Mit großen Augen mustert Marc Junior diesen riesigen Sandkasten, der sich erst irgendwo in weiter Ferne unter einem stahlblauen Himmel verliert. Eine merkwürdige, aber spannende Welt, reduziert im Wesentlichen auf zwei Farben. Nun gut, hier und da sorgen ein paar Sträucher und Grasbüschel für grüngelbe Tupfer. Schon erstaunlich wie diese Pflanzen in der lebensfeindlichen Al Wadi Wüste überleben können.

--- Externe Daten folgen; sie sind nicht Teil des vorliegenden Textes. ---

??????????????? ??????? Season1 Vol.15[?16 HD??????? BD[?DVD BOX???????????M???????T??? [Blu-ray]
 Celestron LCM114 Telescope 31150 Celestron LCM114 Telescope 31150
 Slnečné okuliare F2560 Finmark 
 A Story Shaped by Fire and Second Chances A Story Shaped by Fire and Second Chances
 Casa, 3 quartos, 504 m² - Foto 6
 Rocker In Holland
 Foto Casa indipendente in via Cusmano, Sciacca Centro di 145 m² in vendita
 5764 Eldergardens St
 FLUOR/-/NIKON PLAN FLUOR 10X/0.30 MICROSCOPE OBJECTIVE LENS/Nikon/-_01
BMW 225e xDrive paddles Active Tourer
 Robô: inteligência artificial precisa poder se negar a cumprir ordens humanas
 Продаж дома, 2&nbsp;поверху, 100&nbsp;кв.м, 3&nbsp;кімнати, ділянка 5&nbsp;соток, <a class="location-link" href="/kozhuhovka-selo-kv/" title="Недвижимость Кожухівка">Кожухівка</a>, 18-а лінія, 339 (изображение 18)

Wie angenehm warm die vielen tausend Sandkörner doch durch die Finger des Zweieinhalbjährigen rinnen. Wieder und wieder. Oder durch sein knallrotes Sieb. Einem Wasserfall gleich rieseln die Minerale der Schwerkraft folgend auf den Boden, um sich wie von Zauberhand sofort wieder mit diesem zu verbinden.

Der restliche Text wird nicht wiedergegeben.